**THE DATA**.
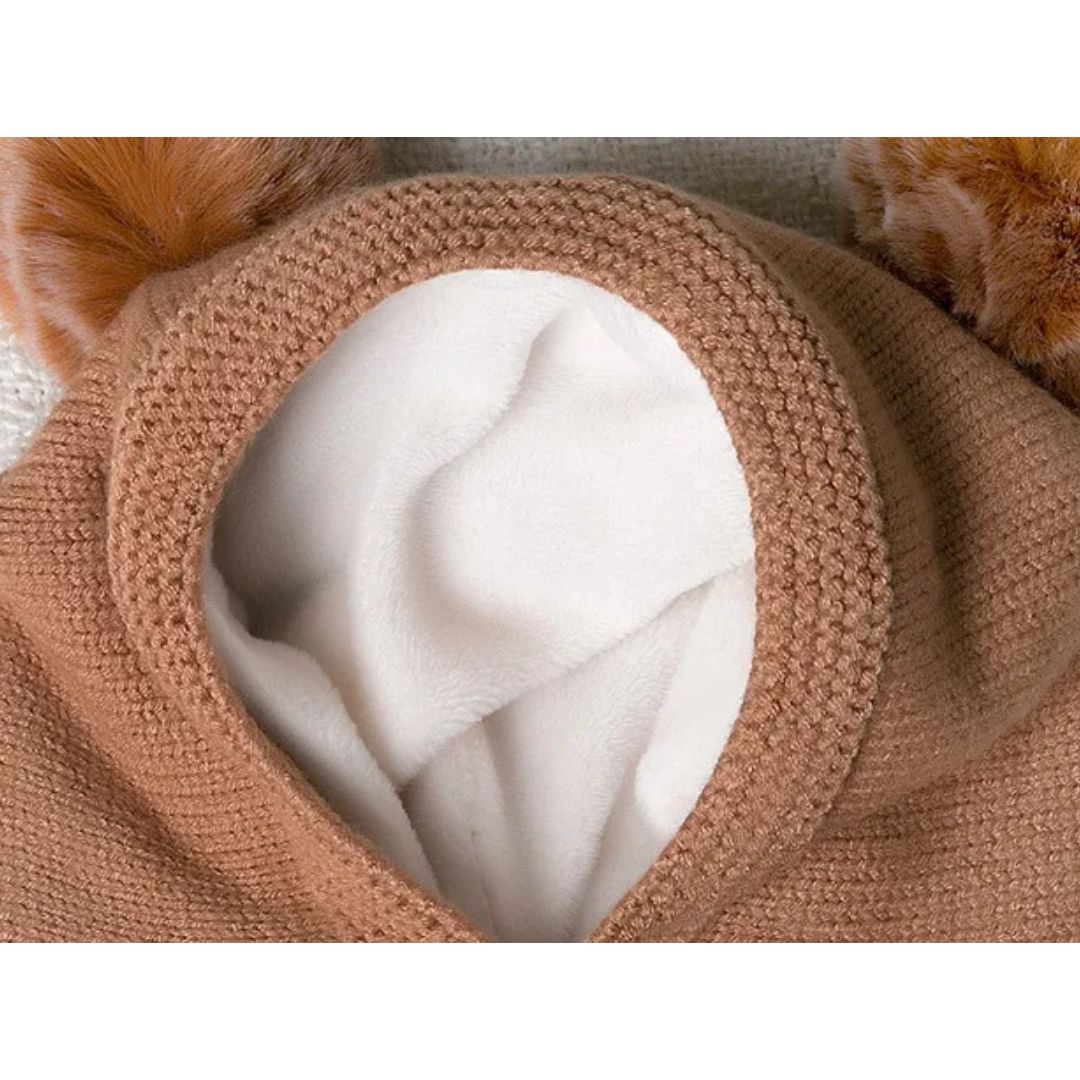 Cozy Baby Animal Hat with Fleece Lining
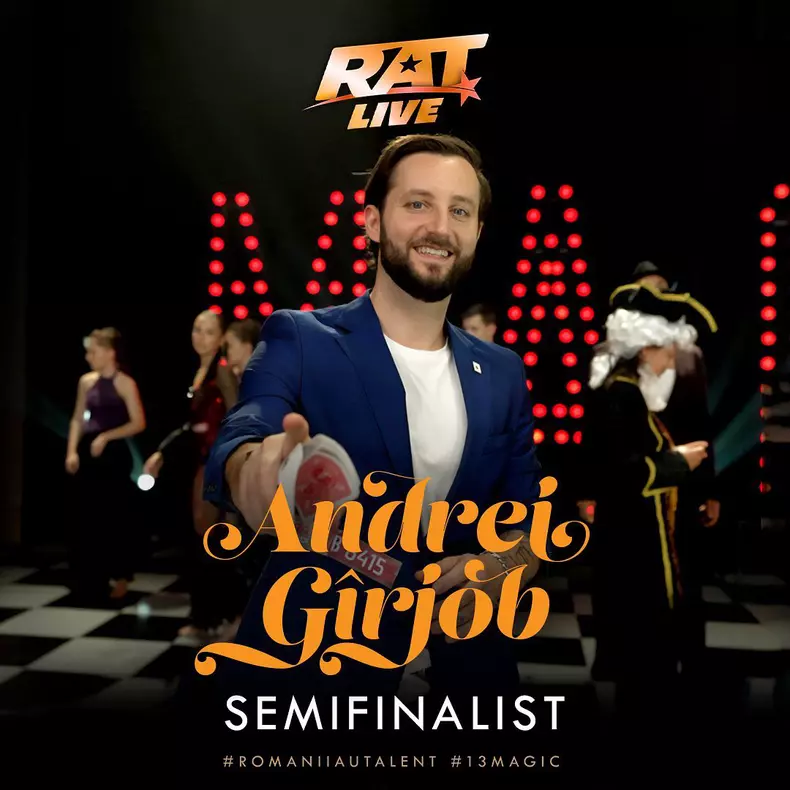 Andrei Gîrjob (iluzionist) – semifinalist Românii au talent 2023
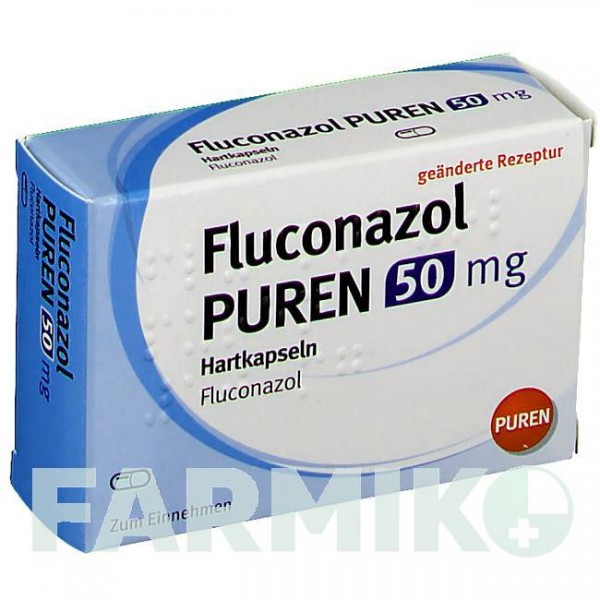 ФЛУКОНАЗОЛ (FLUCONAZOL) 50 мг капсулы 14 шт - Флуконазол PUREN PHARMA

**AIM OF THE EXERCISE**.
Take the preceding listing and transcribe it exactly, skipping the pictures.

**EXPECTED OUTPUT**.
 Cozy Baby Animal Hat with Fleece Lining
 Andrei Gîrjob (iluzionist) – semifinalist Românii au talent 2023
 ФЛУКОНАЗОЛ (FLUCONAZOL) 50 мг капсулы 14 шт - Флуконазол PUREN PHARMA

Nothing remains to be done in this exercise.